Yes, simulating physics using any iterative method requires a small enough timestep otherwise it goes unstable - as you have discovered.

Bullet physics solves this using substeps, and things like constraints can be set to simulate many times per frame, however, performing physics operations in python that need high accuracy, once per frame simply isn’t enough.

However, I would think that if you’re hitting instability at 60FPS, there is likely something else wrong.

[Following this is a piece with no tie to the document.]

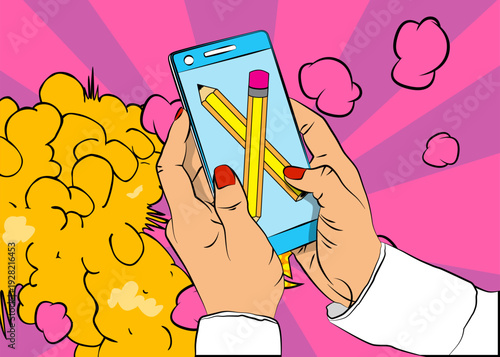Cartoon Smartphone, comic book Telephone with Pencil. Retro vector comics pop art design.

I don’t think you’re doing things at massive speeds, or massively changing forces/accelerations. But then, if your spring is really high valued, you will be. Have you looked at the resonant frequency of a car recently? If you push down on one side, it takes maybe a second to do a full osscilation. **60FPS of physics should be plenty for car suspension**.

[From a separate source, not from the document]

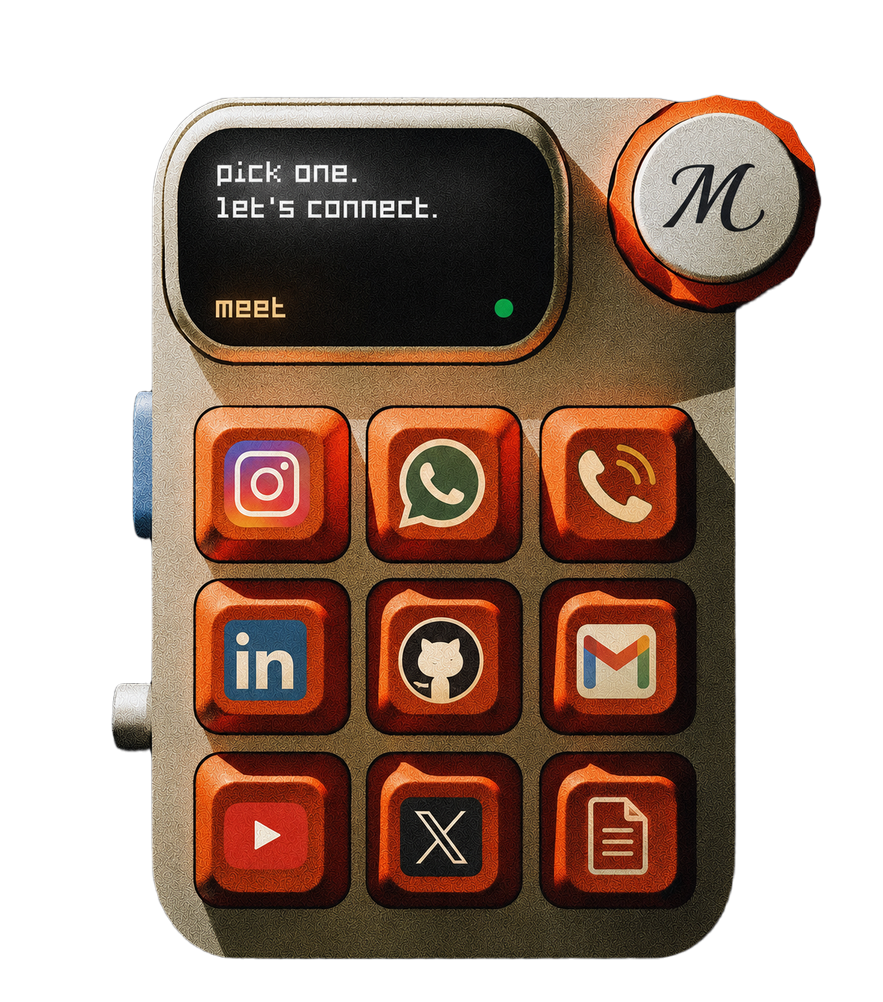 Retro vintage keypad interface for contacting Meet Mangaonkar via social media and email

For those who don’t understand what’s going on here. (Note that F0 is the force at time zero, F1 is the force at time one etc.)

Eulers method:

```
Iteration <b>1</b>:
Calculate force F<b>1</b>
F1 = f(t=1, position_at_time_0) # Some function of time and position last frame
Apply force F<b>1</b> to an object by:
accel = (F1/m)
velocity = accel*dt
position_at_time_1 = velocity * dt
Increment dt
Iteration 2:
Calculate force F2:
F2 = f(t=2, position)
Apply force F2 to an object:
accel = (F2/m)
....
```

Backwards Euler’s method:

```
Iteration <b>1</b>:
Calculate force F<b>2</b> by:
F2 = f(t=<b>2</b>, position_at_time_1) # Oh help, we need the position from the future to calculate the force now!
Apply force F<b>2</b> to an object:
accel = (F2/m)
velocity = accel*dt
position_at_time_1 = velocity * dt
Increment dt
Iteration <b>2</b>:
Calculate force F<b>2</b> by:
F2 = f(t=<b>2</b>, position_at_time_2)
Apply force F<b>2</b> to an object:
accel = (F2/m)
velocity = accel*dt
position_at_time_2 = velocity * dt
Increment dt
```

Notice that the backwards eulers method required information from the future, ie, the position of the current timestep.

So how do we calculate this position_at_time_2 before we have the force at time 2 which we need to calculate it?

Well, we hope they converge from the previous location, and run it iteratively:

```
For a single timestep:
while converged > 0.01:
Calculate_force:
F = f(t=1, guess_at_position)
new_guess_at_position = F/m*dt*dt
converged = abs(guess_at_position - new_guess_at_position)
guess_at_position = new_guess_at_position #For the next iteration, use a better guess
```

The idea is that every time that loop runs, the position will tend towards a certain location. This is ‘fixed point iteration’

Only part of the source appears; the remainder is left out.